Records excerpted from a collection
__________________________________________________
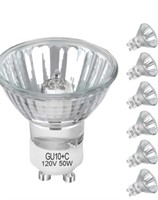 (New ) (8 pcs)Halogen Light Bulbs, Dimmable MR16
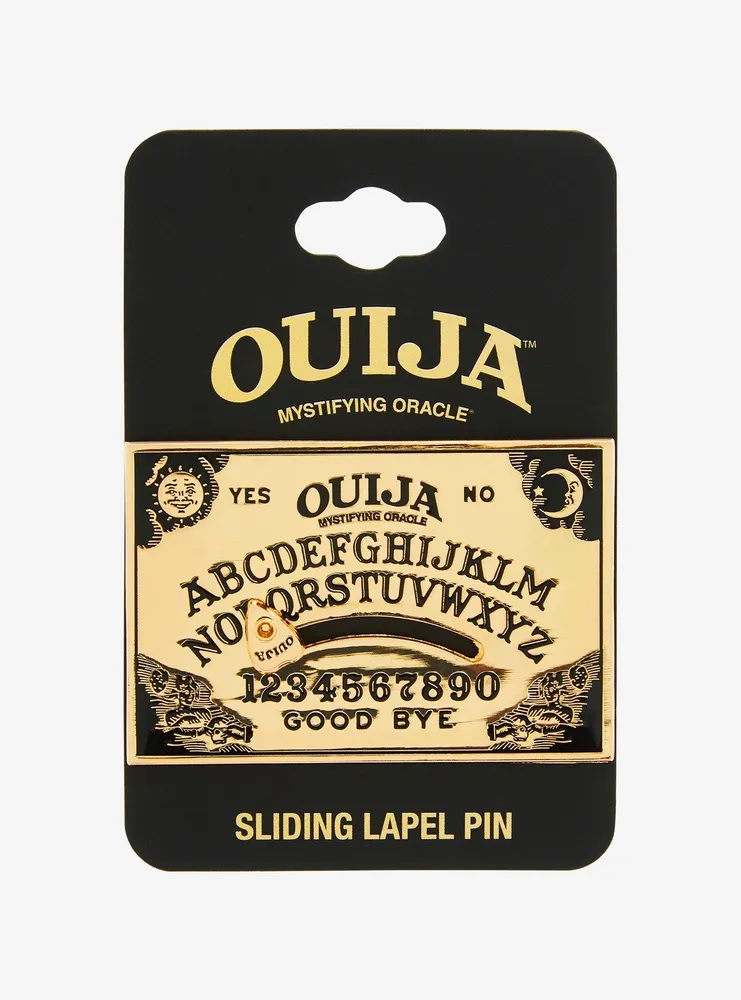 Ouija Sliding Enamel Pin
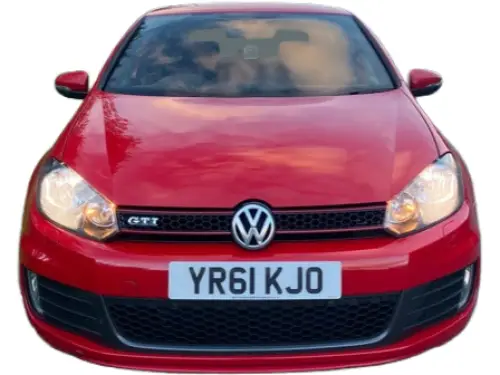 Volkswagen Golf YR61 KJO
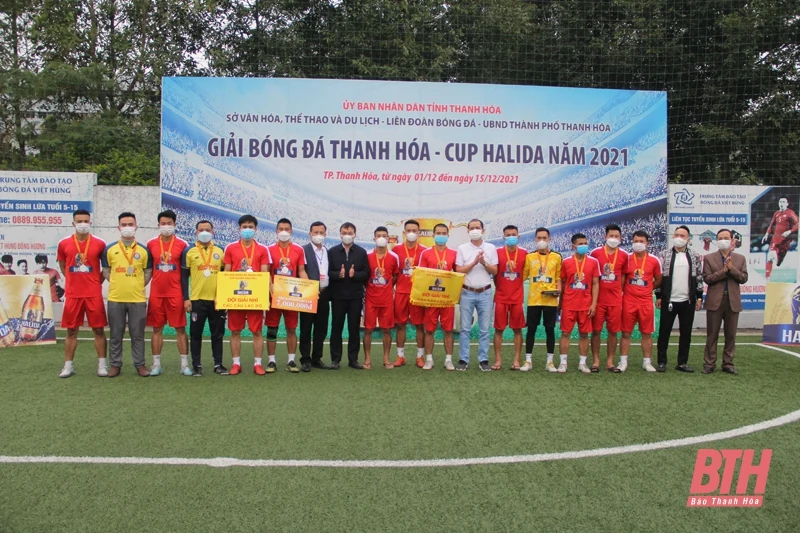 Giải bóng đá Thanh Hóa - Cúp Halida năm 2021 thành công tốt đẹp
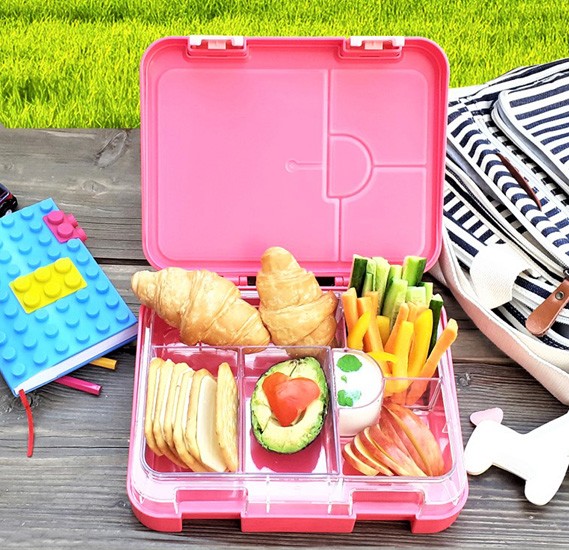 Nohoo Unicorn 3D  Bag + Bento Lunch Box-Pink CM_NHBN_001 Pink (23*13*38)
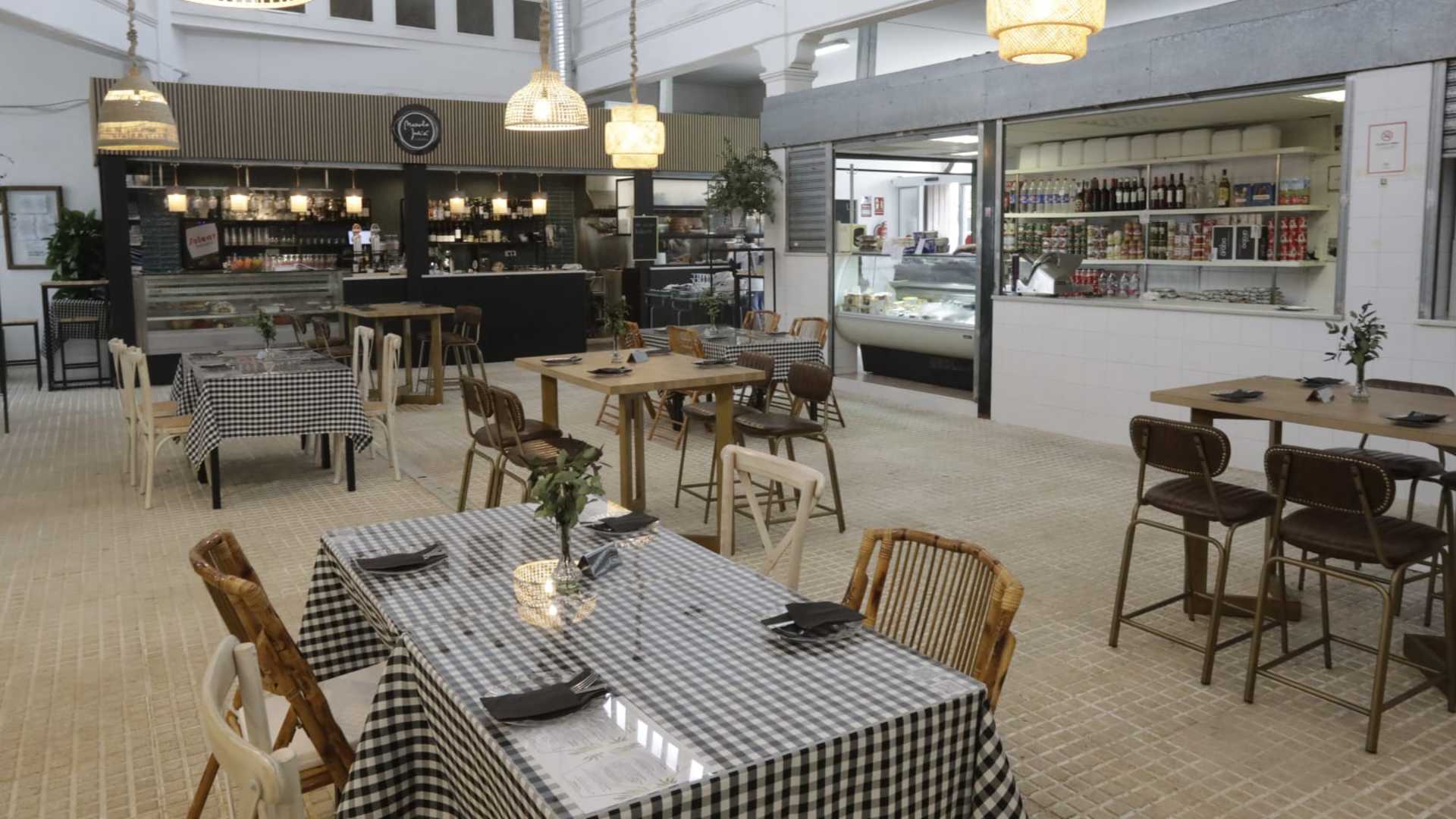 Manolo Juliá abre un restaurante en el Mercado de Heliópolis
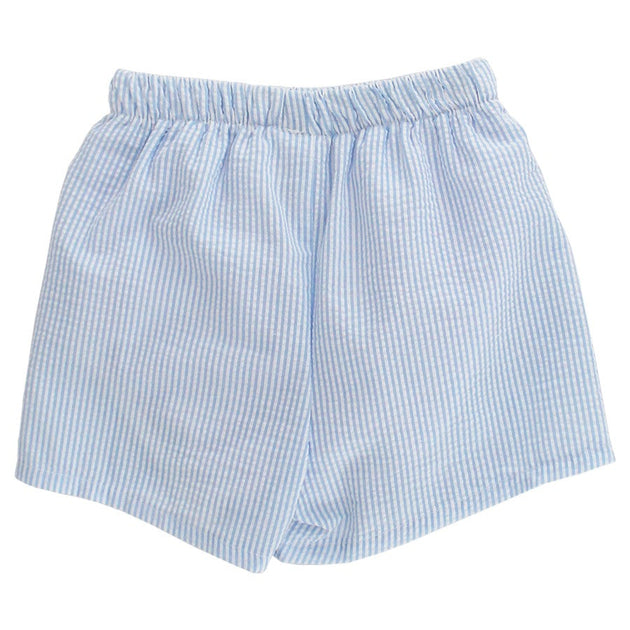 Light Blue Seersucker - Trunk – Bailey Boys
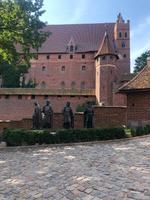 Marienburg - Innenhof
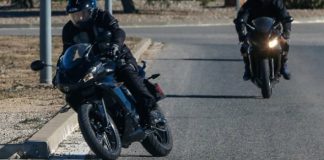 Triumph 250cc Sports Bike Spy Shot Featured Image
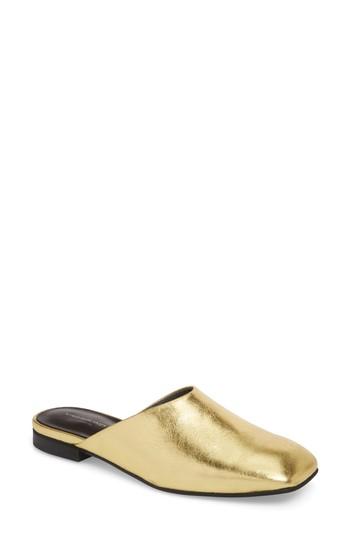 Women's Vagabond Dolores Slide Us / 36eu - Metallic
__________________________________________________
About this task
Each line from the one containing "Manolo Juliá abre" through the last line of the entries above is to be extracted exactly. Pictures are not part of the copy.

Written reply
 Manolo Juliá abre un restaurante en el Mercado de Heliópolis
 Light Blue Seersucker - Trunk – Bailey Boys
 Marienburg - Innenhof
 Triumph 250cc Sports Bike Spy Shot Featured Image
 Women's Vagabond Dolores Slide Us / 36eu - Metallic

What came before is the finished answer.